Another story about two young African American girls, one an athlete, the other a math whiz, who help each other learn new skills, was red-flagged for stereotyping blacks as athletic (even though one of the girls was not an athlete but a mathlete).

A passage on the uses and nutritional values of peanuts was rejected because some students are allergic to peanuts. Stranger still, a story about a heroic blind youth who climbed to the top of Mt. McKinley was rejected, not only because of its implicit suggestion that blind people might have a harder time than people with sight, but also because it was alleged to contain “regional bias”: According to the panel’s bizarre way of thinking, students who lived in non-mountainous areas would theoretically be at a “disadvantage” in comprehending a story about mountain climbing. Stories set in deserts, cold climates, tropical climates or by the seaside, Ravitch learned, are similarly verboten as test topics, since not all students have had personal experience of these regions.
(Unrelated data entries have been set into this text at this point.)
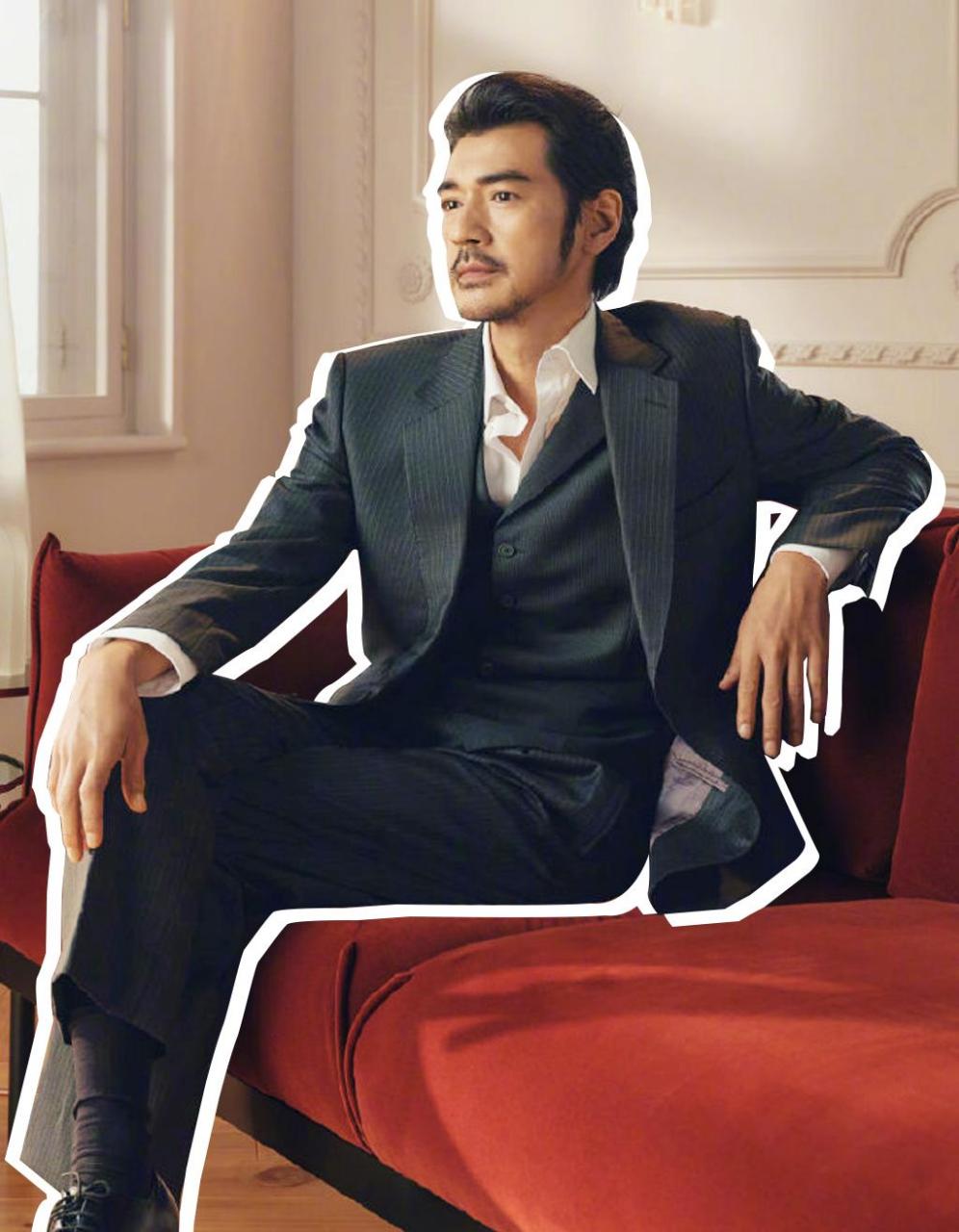 人到中年的金城武登上《睿士elle men》杂志封面,主题居然是"普通人".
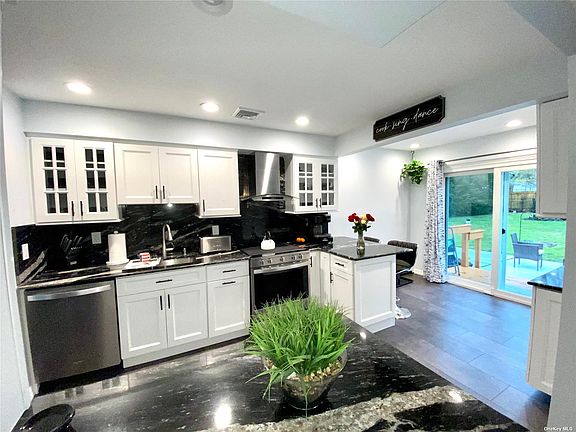 4th image of 26 Hyde Ln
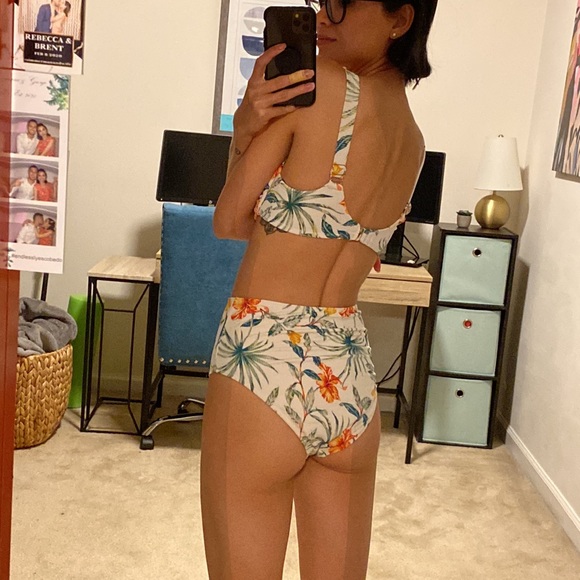 High waisted white floral two piece bikini with adjustable straps and padding - Picture 7 of 7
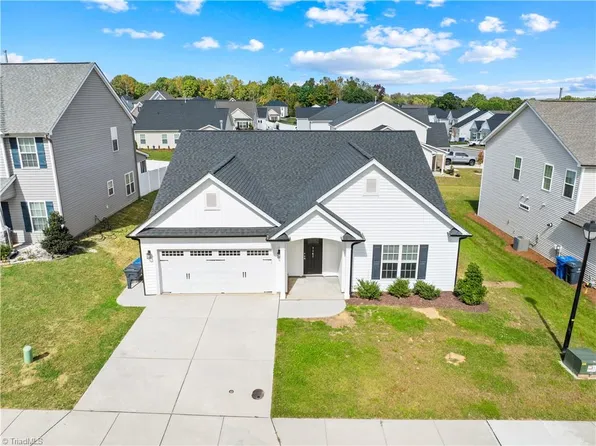 7167 Watkins Landing Ct, Kernersville, NC 27284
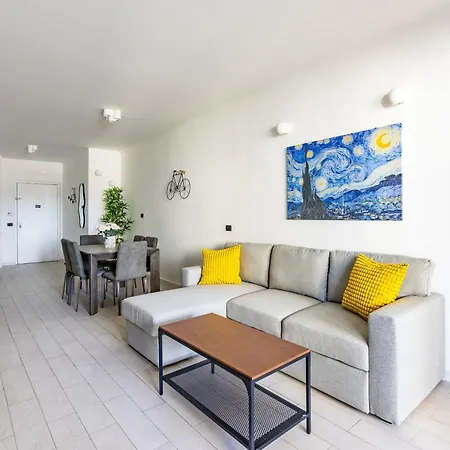 شقة Casa Kenzo With Parking By Napoliapartments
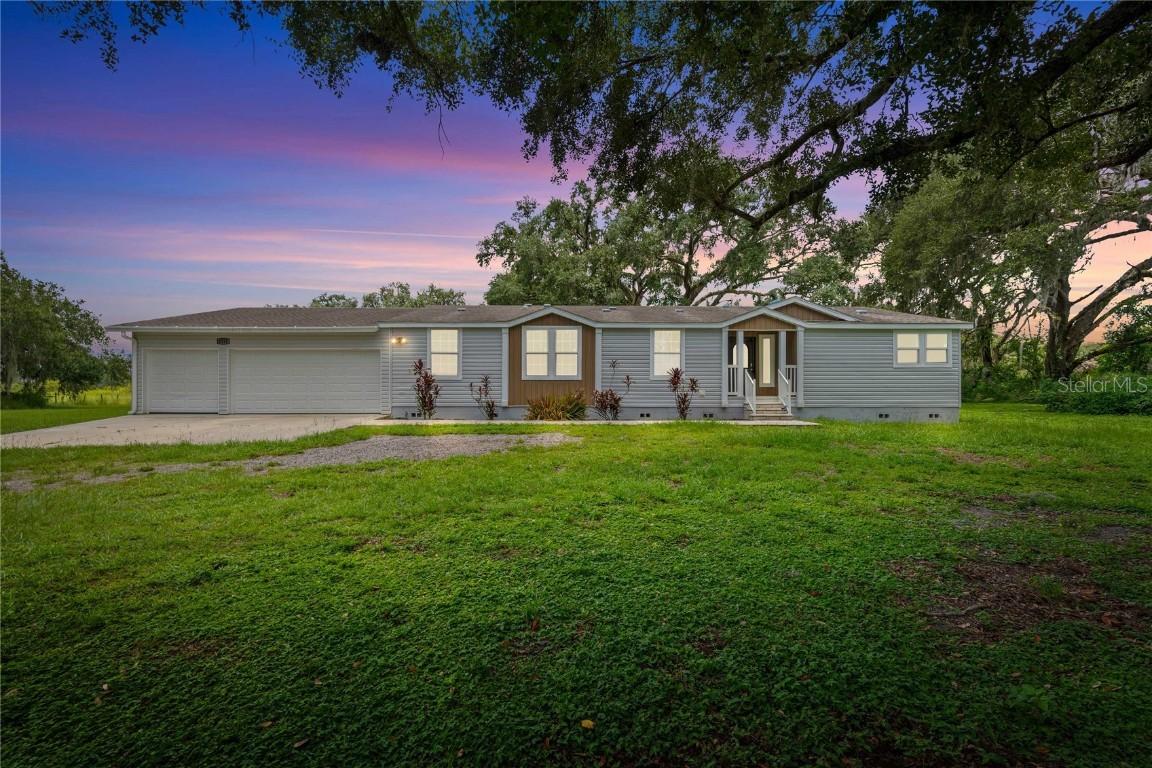 6728 Sutton Oaks Ln., Zephyrhills, FL 33541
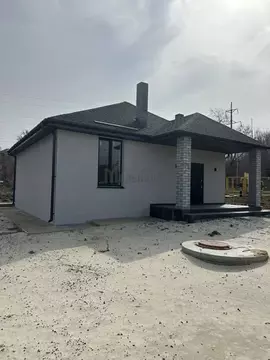 Дом в Волгоградская область, Волгоград пос. Сакко и Ванцетти, ул. ...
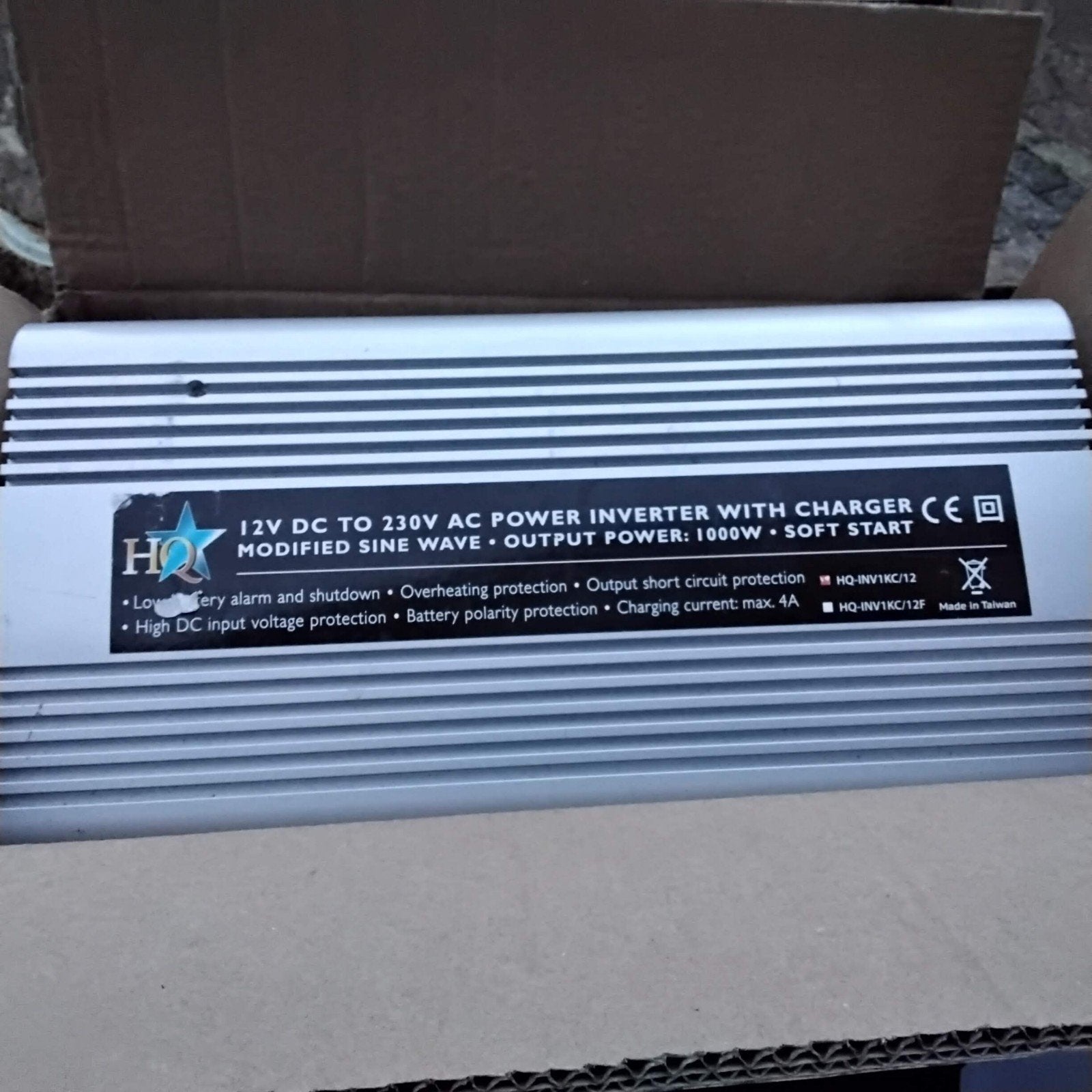 omvormer van 12v naar 220v. 1000w, Enlèvement ou Envoi, Utilisé, Batteries et Accessoires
Also forbidden: owls (the animals are taboo for Navajos), Mt. Rushmore (offensive to Lakotas), dinosaurs (suggestive of evolution, hence offensive to creationists), dolphins (regionally offensive because they live in the sea) and Mary McLeod Bethune (this early 20th century civil rights pioneer had the lack of foresight to use the no-longer-fashionable word “negro” in the school she founded).

The author of such notable books on education as “The Schools We Deserve” and “Left Back: A Century of Battles Over School Reform,” Ravitch made it her business to investigate “the Language Police.” What she discovered about the roots and ramifications of this eerily Orwellian system is the story told in this book. As the subtitle suggests, it is a story of how pressure groups -- left-wing and right-wing, large and small -- have managed to control not only the language, but even the very subject matter and ideas that appear in the textbooks being used in our schools.

What makes this form of censorship so insidious is that it has not been imposed by the federal government but has been voluntarily embraced by textbook publishers who, quite naturally, want their books to be adopted by schools and by states like California and Texas, where statewide adoptions are the rule. The publishers have voluntarily adopted “bias and sensitivity” guidelines, which echo the guidelines of test development companies, which reflect the guidelines of various state and city agencies, which in turn reflect the concerns and sensitivities of ... well, just about anyone who cares to raise a stink about anything.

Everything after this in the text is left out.